In 1769 he advocated the assassination of King Poniatowski, later that year he became the head of the confederate's government in Biała. In 1770 he went to Dresden to gain support from the Holy Roman Empire; later that year he met Joseph II, Holy Roman Emperor and received an offer of help from him. Also he did not support the declaration that King Poniatowski is not the legitimate king of Poland, he nonetheless supported Frederick Augustus I of Saxony as a counter-candidate.

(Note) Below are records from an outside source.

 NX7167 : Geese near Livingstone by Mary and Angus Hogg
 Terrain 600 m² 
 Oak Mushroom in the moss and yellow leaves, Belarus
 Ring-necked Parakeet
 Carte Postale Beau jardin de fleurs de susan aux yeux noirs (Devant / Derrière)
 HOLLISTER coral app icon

He was likely one of the supporters or even the ring-leader of the plan to kidnap Poniatowski, eventually carried by Casimir Pulaski in 1771. That plan nonetheless backfired, as Poniatowski not only escaped but this action caused much controversy in Europe and resulted in loss of much international support for the confederates. Eventually in 1772 he began negotiations with the King about surrender of the confederates; later that year he himself was kidnapped by the Cossacks and temporarily imprisoned in Warsaw. He was nonetheless set free after he pledged loyalty to the king and regained his posts in the Polish–Lithuanian Commonwealth.

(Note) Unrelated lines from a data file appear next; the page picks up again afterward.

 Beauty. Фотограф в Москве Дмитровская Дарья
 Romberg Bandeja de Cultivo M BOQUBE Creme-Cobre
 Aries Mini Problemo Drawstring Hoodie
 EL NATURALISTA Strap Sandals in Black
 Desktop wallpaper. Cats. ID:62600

After 1772, he distanced himself from political life until the reforms of the late 1780s. In 1780, 1782, 1784 and 1786 he was the president of the Sejm court. In 1787 ordered the reconstruction of fortress in Kamieniec. During the Great Sejm, he was one of the most active supporter of the Constitution of 3 May 1791, publishing projects and papers supporting it, and eventually taking part in the semi-coup that resulted in its declaration. Notably, he commented on behaviour of one of the constitution opponents, Jan Sucharzewski (who threatened to kill himself and his young son to 'spare them the fate of living under this restrictive law') saying 'shave his head and send him to the asylum'. Vocal opponent of Targowica Confederation, which after its victory punished him by abolishing his diocese. Supporter of Kościuszko Uprising; he collected funds for the uprising. After its defeat, he left political life again, eventually moving to the Prussian partition. He died in October 1800 in Krasne.

== Legacy ==
He was also known for his support of religious tolerance.

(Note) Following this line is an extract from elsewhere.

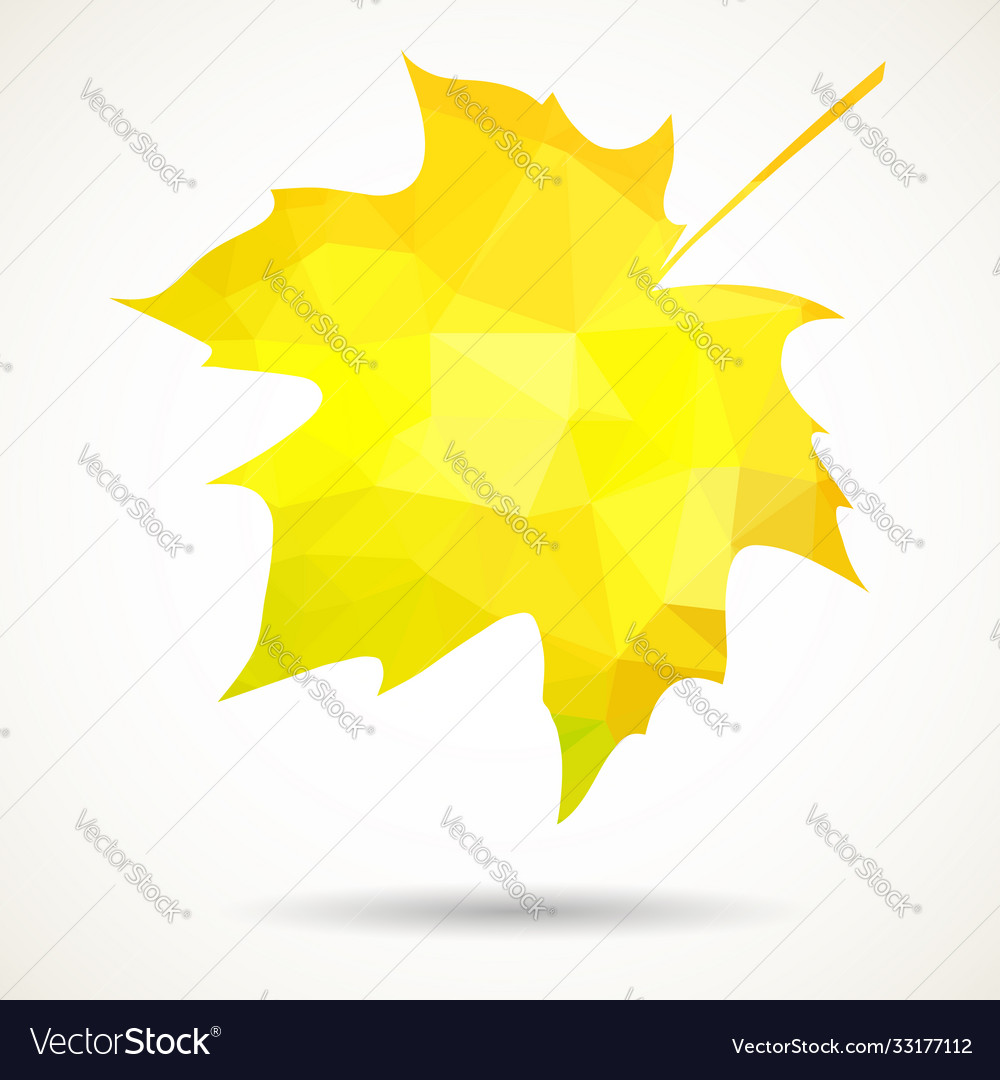 Triangular maple leaf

He has been a controversial figure for historians: unyielding supporter of Golden Liberty in the age where it was impossible to uphold this principle; supporter of the conservative and treacherous hetman's faction in the early 1760s, two decades later, leader of the Bar Confederation - seen the first of Poland's national uprisings - and finally one of the supporters of the May's Constitution.